Feel free to leave a comment on this blog so that other psychologists know how easy and simple the process really is......as well as the importance of this advocacy effort!

Message:

 My patients and practice are only a few weeks away from major reimbursement cuts that will impact patient access and put my small business at risk.  As a psychologist and constituent, I urge you to extend the Medicare mental health add-on through 2012.

 Congress has repeatedly found extension of the 5% psychotherapy payment restoration necessary to address the unintended impact of CMS's last Five-Year Review on access to Medicare mental health services.  An extension is necessary until completion of the current Five-Year Review of psychotherapy codes, which has been delayed into 2012.

 As Congress works toward end-of-year action on several pressing priorities, please make my patients and the mental health extender a priority, as well as halting the 27.4% Sustainable Growth Rate (SGR) cut.  Thank you for your time and consideration.

 Additional Background:

CONGRESS SHOULD PROTECT MEDICARE MENTAL HEALTH PAYMENT

To ensure the viability of the Medicare outpatient mental health benefit, Congress should extend through 2012 the restoration of cuts to Part B mental health services made in 2007.

Mental Health Extender.  Congress restored payments temporarily but they now need to be extended.  Through the Medicare Improvements for Patients and Providers Act of 2008, Congress partially restored the cuts made by the Centers for Medicare & Medicaid Services (CMS) "Five-Year Review" through 2009. Subsequent laws then extended the restoration through December 2011. The valuation of psychotherapy codes in the 2011 Five-Year Review has been delayed into 2012.  Congress should pass new legislation to extend payments through 2012, until the Five-Year Review is completed.

Effect on Beneficiaries. Extending psychologist payments cut by the Five-Year Review is crucial to protecting access to Medicare mental health services.  Psychologists and social workers provide almost all of the Medicare psychotherapy and testing services, but many have indicated that they may have to reduce their caseloads or leave Medicare if they are faced with these reimbursement cuts. The cost of protecting mental health services is very low, increasing costs by only $30 million per year.

Cut By MEI Rebasing.  A CMS technical advisory panel will be asked to examine the effect of a 4% cut to Medicare part B reimbursement for psychologists in January 2011 due to "rebasing" of the Medicare Economic Index (MEI).  In the 2011 fee schedule, CMS used more recent survey data that showed practice expense and malpractice became a larger share of the payment formula while provider's time became smaller.
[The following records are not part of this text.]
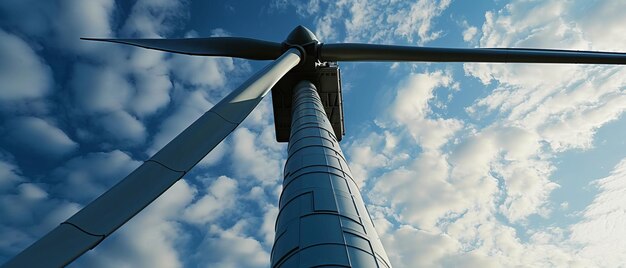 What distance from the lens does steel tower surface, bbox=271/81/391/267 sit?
8.16 m

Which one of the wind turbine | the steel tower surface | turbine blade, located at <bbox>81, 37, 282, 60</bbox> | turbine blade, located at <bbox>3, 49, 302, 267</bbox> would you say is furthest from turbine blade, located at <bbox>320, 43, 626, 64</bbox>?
turbine blade, located at <bbox>3, 49, 302, 267</bbox>

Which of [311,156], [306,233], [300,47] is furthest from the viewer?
[300,47]

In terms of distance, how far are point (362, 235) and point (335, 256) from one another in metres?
1.35

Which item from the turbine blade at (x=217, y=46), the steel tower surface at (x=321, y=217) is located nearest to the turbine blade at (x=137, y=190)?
the steel tower surface at (x=321, y=217)

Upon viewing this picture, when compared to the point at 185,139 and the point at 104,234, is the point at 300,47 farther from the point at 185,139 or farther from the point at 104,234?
the point at 104,234

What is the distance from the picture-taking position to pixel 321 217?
941cm

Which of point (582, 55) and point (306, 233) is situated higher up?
point (582, 55)

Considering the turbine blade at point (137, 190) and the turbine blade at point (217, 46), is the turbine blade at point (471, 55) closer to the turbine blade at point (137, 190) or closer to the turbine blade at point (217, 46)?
the turbine blade at point (217, 46)

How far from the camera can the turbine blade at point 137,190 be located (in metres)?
6.65

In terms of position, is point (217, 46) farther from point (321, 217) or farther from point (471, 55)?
point (321, 217)

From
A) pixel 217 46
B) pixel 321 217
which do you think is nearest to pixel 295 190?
pixel 321 217

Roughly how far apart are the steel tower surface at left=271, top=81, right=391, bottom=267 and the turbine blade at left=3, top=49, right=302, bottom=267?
7.52ft

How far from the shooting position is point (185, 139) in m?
9.90

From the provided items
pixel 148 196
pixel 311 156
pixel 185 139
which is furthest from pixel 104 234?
pixel 311 156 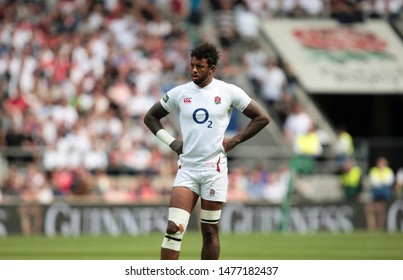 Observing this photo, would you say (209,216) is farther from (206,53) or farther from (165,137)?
(206,53)

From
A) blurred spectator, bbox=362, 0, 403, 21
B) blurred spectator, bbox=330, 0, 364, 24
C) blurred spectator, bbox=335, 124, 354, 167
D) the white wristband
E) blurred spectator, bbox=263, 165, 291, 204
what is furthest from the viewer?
blurred spectator, bbox=362, 0, 403, 21

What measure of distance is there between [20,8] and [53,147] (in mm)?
7236

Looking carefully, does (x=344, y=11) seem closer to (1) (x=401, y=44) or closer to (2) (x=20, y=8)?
(1) (x=401, y=44)

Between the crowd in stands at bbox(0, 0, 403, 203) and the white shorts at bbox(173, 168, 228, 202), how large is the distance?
1560 centimetres

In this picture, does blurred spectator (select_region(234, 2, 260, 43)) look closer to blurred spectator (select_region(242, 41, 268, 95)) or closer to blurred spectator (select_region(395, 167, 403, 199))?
blurred spectator (select_region(242, 41, 268, 95))

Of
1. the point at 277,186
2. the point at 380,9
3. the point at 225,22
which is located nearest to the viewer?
the point at 277,186

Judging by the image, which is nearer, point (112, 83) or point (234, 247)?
point (234, 247)

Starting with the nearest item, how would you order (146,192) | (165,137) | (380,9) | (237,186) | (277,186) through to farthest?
(165,137)
(146,192)
(237,186)
(277,186)
(380,9)

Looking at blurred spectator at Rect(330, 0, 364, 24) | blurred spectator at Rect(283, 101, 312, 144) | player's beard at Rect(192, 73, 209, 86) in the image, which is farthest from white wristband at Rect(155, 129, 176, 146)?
blurred spectator at Rect(330, 0, 364, 24)

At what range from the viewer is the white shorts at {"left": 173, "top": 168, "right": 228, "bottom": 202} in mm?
13695

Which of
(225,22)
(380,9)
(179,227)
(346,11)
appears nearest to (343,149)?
(225,22)

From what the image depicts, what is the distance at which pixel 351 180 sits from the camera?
101 ft

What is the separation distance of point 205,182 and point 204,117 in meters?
0.77

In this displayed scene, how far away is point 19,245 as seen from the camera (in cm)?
2370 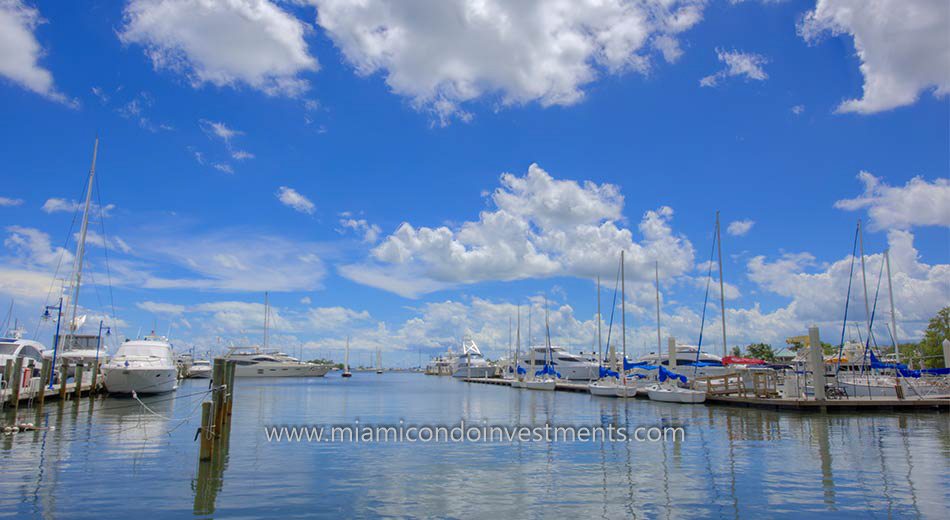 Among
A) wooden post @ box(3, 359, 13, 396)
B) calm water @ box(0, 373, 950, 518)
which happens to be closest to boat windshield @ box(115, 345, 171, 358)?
wooden post @ box(3, 359, 13, 396)

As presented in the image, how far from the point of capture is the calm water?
1549cm

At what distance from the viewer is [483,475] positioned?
1964 cm

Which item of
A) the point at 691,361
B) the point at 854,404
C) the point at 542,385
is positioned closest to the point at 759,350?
the point at 691,361

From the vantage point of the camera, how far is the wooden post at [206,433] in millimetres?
19547

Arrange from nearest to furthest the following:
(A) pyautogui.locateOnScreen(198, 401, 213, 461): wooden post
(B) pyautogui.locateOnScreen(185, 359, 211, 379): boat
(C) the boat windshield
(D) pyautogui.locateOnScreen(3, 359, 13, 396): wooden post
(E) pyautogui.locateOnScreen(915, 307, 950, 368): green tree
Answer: (A) pyautogui.locateOnScreen(198, 401, 213, 461): wooden post < (D) pyautogui.locateOnScreen(3, 359, 13, 396): wooden post < (C) the boat windshield < (E) pyautogui.locateOnScreen(915, 307, 950, 368): green tree < (B) pyautogui.locateOnScreen(185, 359, 211, 379): boat

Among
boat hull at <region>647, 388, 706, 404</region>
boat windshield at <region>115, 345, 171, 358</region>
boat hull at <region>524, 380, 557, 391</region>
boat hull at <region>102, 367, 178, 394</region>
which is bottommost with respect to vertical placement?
boat hull at <region>524, 380, 557, 391</region>

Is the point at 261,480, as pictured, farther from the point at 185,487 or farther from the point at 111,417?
the point at 111,417

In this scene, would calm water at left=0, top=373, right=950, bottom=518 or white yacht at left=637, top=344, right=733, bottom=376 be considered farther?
white yacht at left=637, top=344, right=733, bottom=376

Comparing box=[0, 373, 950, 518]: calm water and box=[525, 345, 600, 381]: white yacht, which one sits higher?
box=[525, 345, 600, 381]: white yacht

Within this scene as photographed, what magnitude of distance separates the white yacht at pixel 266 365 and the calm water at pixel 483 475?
114 metres

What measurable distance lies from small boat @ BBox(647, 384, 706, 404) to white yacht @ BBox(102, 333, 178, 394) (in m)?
41.2

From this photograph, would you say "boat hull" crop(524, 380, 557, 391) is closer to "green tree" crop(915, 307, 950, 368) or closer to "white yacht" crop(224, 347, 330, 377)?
"green tree" crop(915, 307, 950, 368)

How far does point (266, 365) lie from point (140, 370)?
3783 inches

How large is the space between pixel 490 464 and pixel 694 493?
7021mm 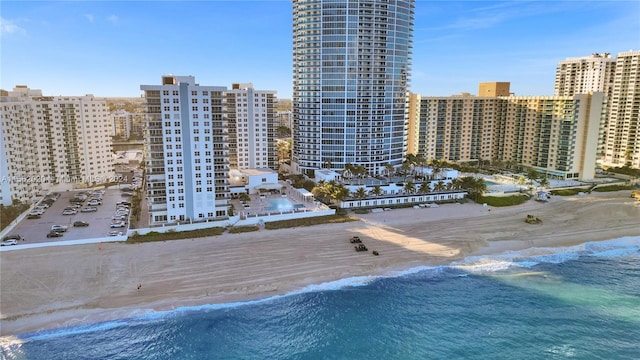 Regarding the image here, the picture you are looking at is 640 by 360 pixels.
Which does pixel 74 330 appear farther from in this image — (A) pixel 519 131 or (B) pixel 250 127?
(A) pixel 519 131

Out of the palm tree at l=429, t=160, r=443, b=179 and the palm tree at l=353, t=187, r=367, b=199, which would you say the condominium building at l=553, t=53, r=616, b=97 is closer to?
the palm tree at l=429, t=160, r=443, b=179

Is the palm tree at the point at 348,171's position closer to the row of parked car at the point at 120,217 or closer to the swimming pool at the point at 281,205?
the swimming pool at the point at 281,205

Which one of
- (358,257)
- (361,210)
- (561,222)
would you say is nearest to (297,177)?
(361,210)

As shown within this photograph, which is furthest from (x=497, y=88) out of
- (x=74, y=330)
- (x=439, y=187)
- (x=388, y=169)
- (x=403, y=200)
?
(x=74, y=330)

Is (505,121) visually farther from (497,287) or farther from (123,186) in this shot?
(123,186)

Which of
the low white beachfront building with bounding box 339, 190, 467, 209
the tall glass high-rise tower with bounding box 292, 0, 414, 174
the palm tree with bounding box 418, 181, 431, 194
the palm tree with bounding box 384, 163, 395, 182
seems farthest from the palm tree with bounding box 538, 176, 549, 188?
the tall glass high-rise tower with bounding box 292, 0, 414, 174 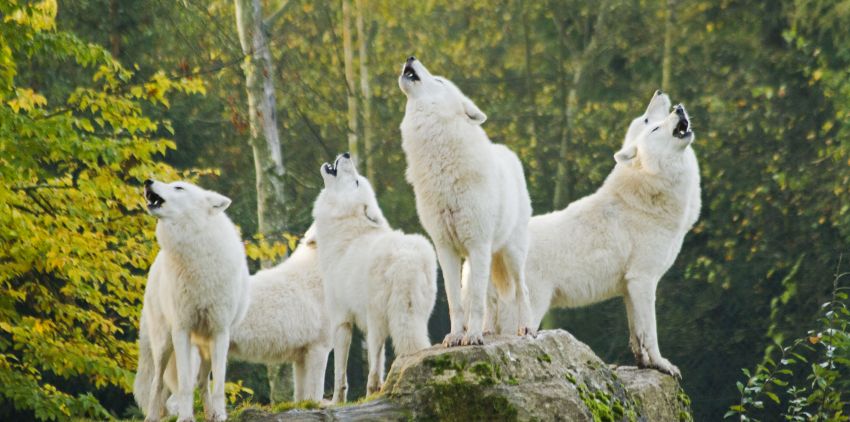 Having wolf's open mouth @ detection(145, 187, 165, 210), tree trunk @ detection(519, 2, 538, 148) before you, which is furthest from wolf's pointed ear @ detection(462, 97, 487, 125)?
tree trunk @ detection(519, 2, 538, 148)

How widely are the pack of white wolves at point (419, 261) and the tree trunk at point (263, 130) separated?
5.41 meters

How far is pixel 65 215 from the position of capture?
11.9m

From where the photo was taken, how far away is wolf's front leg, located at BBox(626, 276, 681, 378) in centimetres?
905

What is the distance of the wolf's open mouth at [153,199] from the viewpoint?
7.54 metres

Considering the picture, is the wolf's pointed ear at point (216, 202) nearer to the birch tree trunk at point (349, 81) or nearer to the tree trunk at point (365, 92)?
the birch tree trunk at point (349, 81)

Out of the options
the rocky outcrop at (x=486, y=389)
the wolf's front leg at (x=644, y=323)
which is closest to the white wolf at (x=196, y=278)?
the rocky outcrop at (x=486, y=389)

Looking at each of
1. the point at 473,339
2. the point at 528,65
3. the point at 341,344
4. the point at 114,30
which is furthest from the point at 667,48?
the point at 473,339

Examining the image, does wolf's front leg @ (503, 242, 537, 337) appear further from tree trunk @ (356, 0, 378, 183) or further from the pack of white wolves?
tree trunk @ (356, 0, 378, 183)

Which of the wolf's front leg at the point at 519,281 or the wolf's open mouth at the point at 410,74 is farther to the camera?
the wolf's front leg at the point at 519,281

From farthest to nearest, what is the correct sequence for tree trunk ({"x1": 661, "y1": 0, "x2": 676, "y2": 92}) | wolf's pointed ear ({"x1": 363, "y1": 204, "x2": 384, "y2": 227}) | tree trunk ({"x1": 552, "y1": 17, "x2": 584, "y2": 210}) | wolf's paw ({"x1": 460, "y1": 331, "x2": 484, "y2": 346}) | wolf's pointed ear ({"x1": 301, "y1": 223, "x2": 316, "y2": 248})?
tree trunk ({"x1": 552, "y1": 17, "x2": 584, "y2": 210}) < tree trunk ({"x1": 661, "y1": 0, "x2": 676, "y2": 92}) < wolf's pointed ear ({"x1": 301, "y1": 223, "x2": 316, "y2": 248}) < wolf's pointed ear ({"x1": 363, "y1": 204, "x2": 384, "y2": 227}) < wolf's paw ({"x1": 460, "y1": 331, "x2": 484, "y2": 346})

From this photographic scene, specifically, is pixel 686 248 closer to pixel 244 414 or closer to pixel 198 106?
pixel 198 106

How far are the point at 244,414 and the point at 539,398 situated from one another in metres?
1.73

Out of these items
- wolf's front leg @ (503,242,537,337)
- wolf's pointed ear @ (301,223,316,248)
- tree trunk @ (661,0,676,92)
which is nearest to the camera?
wolf's front leg @ (503,242,537,337)

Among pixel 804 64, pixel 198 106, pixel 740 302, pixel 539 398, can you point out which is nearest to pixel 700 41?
pixel 804 64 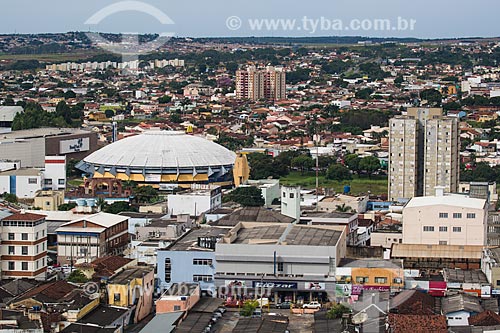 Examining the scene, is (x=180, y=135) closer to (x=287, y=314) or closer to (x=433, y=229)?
(x=433, y=229)

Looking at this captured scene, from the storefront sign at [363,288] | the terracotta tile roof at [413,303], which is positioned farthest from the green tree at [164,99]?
the terracotta tile roof at [413,303]

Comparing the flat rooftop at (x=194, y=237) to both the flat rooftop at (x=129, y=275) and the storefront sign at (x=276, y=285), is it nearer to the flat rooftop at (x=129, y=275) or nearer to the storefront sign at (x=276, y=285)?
the flat rooftop at (x=129, y=275)

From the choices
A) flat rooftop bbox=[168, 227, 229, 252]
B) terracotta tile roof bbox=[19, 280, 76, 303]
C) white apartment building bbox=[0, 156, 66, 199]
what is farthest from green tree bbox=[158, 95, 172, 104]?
terracotta tile roof bbox=[19, 280, 76, 303]

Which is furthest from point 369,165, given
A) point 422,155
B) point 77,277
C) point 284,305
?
point 77,277

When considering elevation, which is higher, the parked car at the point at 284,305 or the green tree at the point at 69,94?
the green tree at the point at 69,94

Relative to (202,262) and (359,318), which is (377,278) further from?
(202,262)

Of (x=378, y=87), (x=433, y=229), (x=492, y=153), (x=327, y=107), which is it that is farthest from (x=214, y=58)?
(x=433, y=229)

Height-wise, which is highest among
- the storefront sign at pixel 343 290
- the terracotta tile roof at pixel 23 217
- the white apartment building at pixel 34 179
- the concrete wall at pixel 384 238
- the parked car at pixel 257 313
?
the white apartment building at pixel 34 179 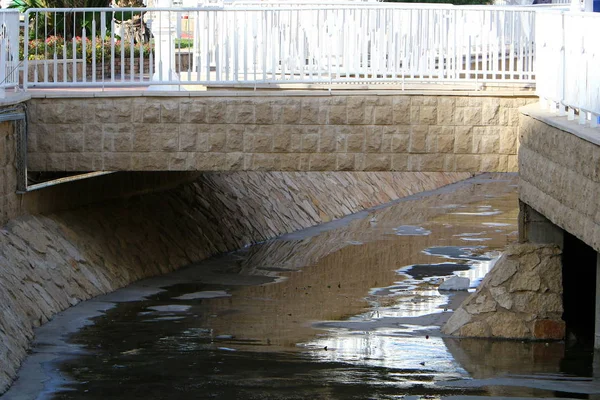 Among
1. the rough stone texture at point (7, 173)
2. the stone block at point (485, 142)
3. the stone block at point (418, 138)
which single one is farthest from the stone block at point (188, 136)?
the stone block at point (485, 142)

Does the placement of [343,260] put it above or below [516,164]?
below

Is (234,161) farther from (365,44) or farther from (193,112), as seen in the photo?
(365,44)

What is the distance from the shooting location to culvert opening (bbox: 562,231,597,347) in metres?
13.7

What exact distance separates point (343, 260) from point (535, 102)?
512 centimetres

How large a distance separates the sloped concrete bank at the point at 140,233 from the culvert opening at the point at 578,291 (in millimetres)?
5925

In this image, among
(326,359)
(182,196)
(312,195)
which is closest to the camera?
(326,359)

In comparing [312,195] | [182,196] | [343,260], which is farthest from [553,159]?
[312,195]

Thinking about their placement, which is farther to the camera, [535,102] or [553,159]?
[535,102]

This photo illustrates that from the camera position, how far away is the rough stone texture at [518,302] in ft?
43.6

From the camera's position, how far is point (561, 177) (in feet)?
39.2

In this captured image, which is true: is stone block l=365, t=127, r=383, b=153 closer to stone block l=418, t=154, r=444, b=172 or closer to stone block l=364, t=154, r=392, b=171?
stone block l=364, t=154, r=392, b=171

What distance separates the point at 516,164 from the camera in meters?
15.4

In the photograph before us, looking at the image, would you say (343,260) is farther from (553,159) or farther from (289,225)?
(553,159)

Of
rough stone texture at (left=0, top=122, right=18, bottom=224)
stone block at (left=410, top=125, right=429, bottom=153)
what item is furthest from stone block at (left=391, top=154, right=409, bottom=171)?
rough stone texture at (left=0, top=122, right=18, bottom=224) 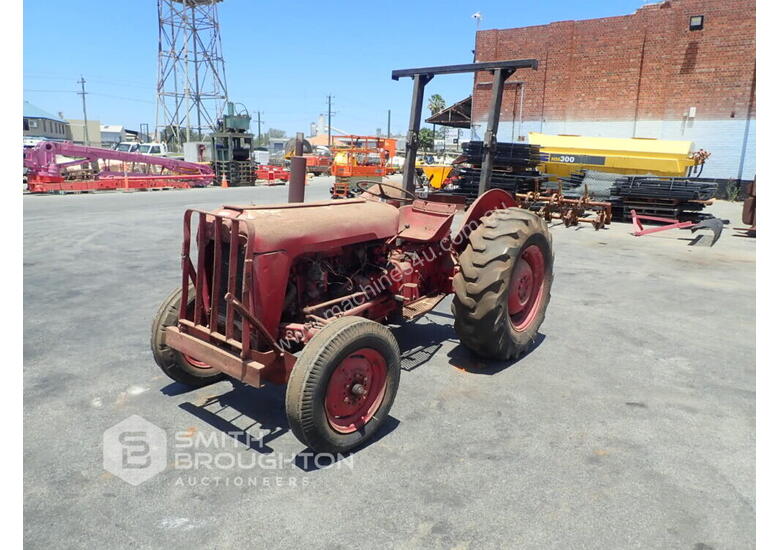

This increased payments for some services, particularly of professionals who utilize expensive technology.  Due to budget neutrality requirements, CMS reduced other reimbursement work values, which hit services of psychologists and social workers the hardest because they are typically provided at lower cost and lower overhead.

These cuts are not related to the Sustainable Growth Rate.  Psychologists were saved from a second and even more devastating reduction when Congressional action halted the projected 25% SGR cut through December 31, 2011.  Ultimately Congress must replace the flawed SGR formula with one that responsibly and permanently addresses provider payments.

Psychologists will leave Medicare.  In a 2008 survey, 11% of psychologists reported that they have dropped out of Medicare participation and a primary reason cited was low reimbursement rates.